Le Pie Madri arrivano a Lul, nel Sudan meridionale: è il 1901. La loro presenza, però, si diffonde nelle altre regioni soltanto a partire dal 1919, con le comunità di Wau e dintorni. Molto attive nelle parrocchie, nell’educazione e nella sanità, sono apprezzate per la loro vicinanza alla gente.
Dal 1948 il Sudan tratta l’indipendenza dal Regno Unito e inizia una progressiva islamizzazione delle regioni meridionali del Paese, fino ad allora tenute separate da quelle arabe del Nord.
Secoli di schiavismo, interrotto alla fine dell’Ottocento dal governo britannico, sembrano incombere di nuovo: il 18 agosto 1955 le etnie del Sud si ribellano e inizia una lunga guerra civile che, a fasi alterne, continuerà fino al 2005.
Le missioni cristiane, accusate di fomentare la rivolta, dal 1961 assistono alla graduale espulsione del personale straniero: sono espulse 147 Comboniane, di cui 98 dal 27 febbraio al 9 marzo 1964.

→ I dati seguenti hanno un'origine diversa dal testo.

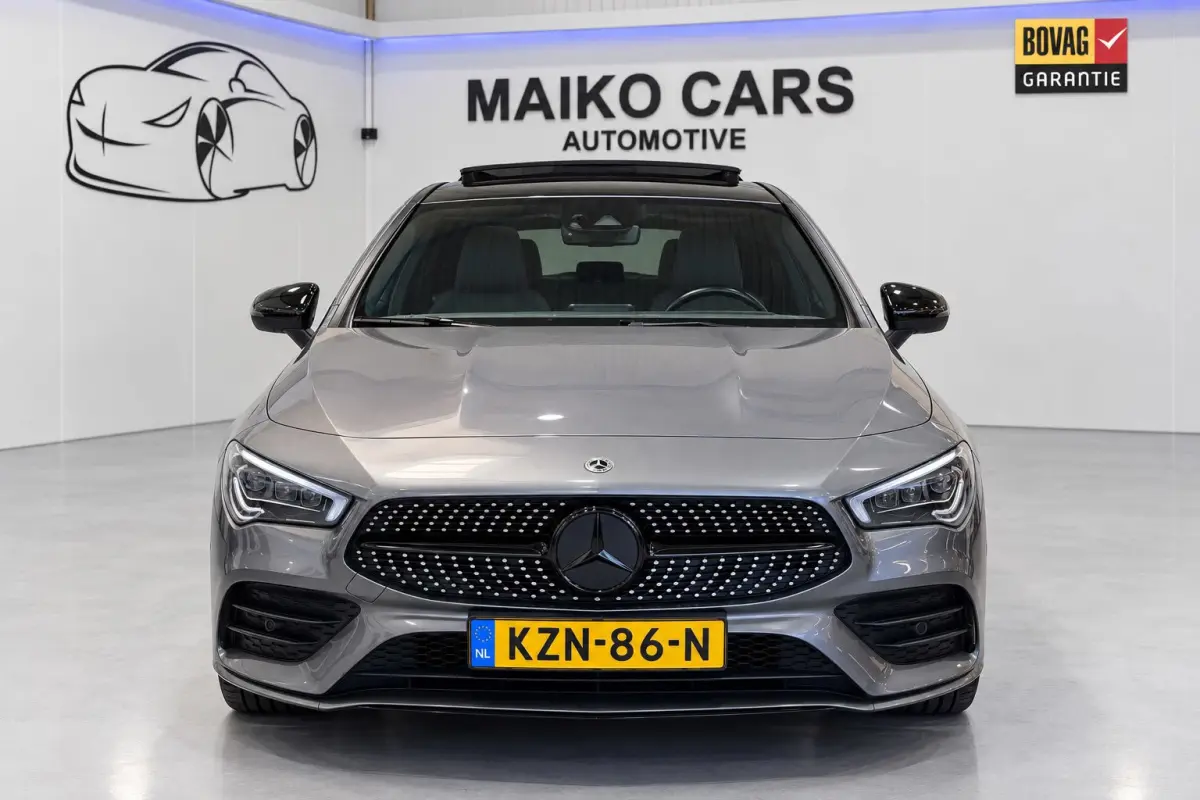 250 4MATIC AMG LINE PANORAMA SFEERVERLICHTING|BURMESTER|DEALER ONDERHOUDEN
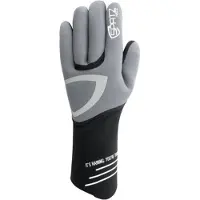 SpatzWear NEOZ THERMAL RAIN -pyöräilyhanskat harmaa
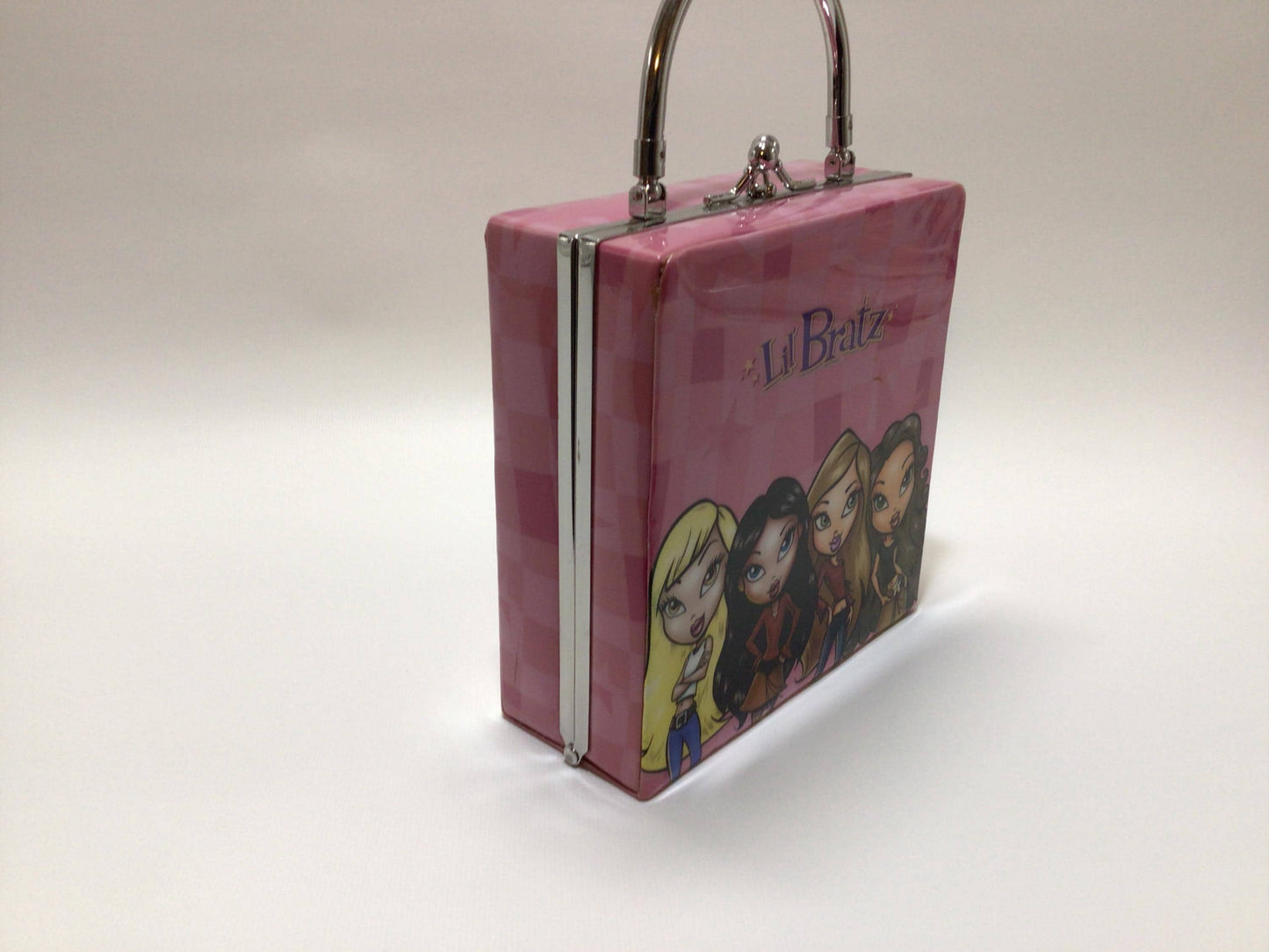 Lil' Bratz Nighttime Style Accessories Carry Case Vintage MGA Fashion Doll Toy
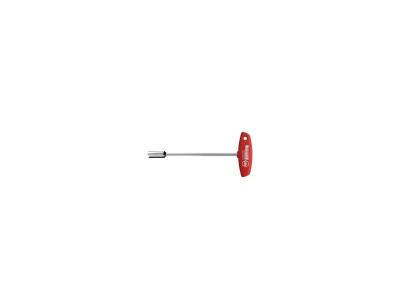 WIHA Cl&eacute; a douille 6 pans avec manche en T - 5,5x125mm -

Il 27 febbraio 1972 il trattato di Addis Abeba sembra porre fine al conflitto e anche le missioni riprendono vita. Nel 1973 le prime Comboniane rientrano a Nzara per occuparsi del controllo della lebbra: sono Camelia Tebaldi e Agata Cantone, raggiunte nel 1977 da Giovannina Zucca.
La pace è fragile e le ostilità riprendono nel 1983: la missione di Wau diventa un campo profughi, e Juba, capitale del Sudan meridionale, è ripetutamente bombardata. Missionari e missionarie, tra cui Giovanna Sguazza, cercano comunque di tenere aperta la scuola. Quando la popolazione protesta per strada contro l’islamizzazione, le suore sono con la gente: vengono identificate, accusate di sobillarla ed espulse nel 1992. Torneranno a Juba nel 2006, mentre continuano a rimanere sotto le bombe in altre aree del Paese.
Grazie a un accordo firmato nel gennaio 2005, le ostilità cessano, e quasi 5 milioni di profughi fanno ritorno. Nel luglio 2011 il Sud Sudan diventa uno Stato indipendente, ma la festa dura poco. Le tensioni fra etnie rivali in lotta per il potere esplodono nuovamente alla fine del 2013. Le Comboniane rimangono, e fino a oggi continuano ostinatamente ad affiancare e servire quel popolo gravemente ferito.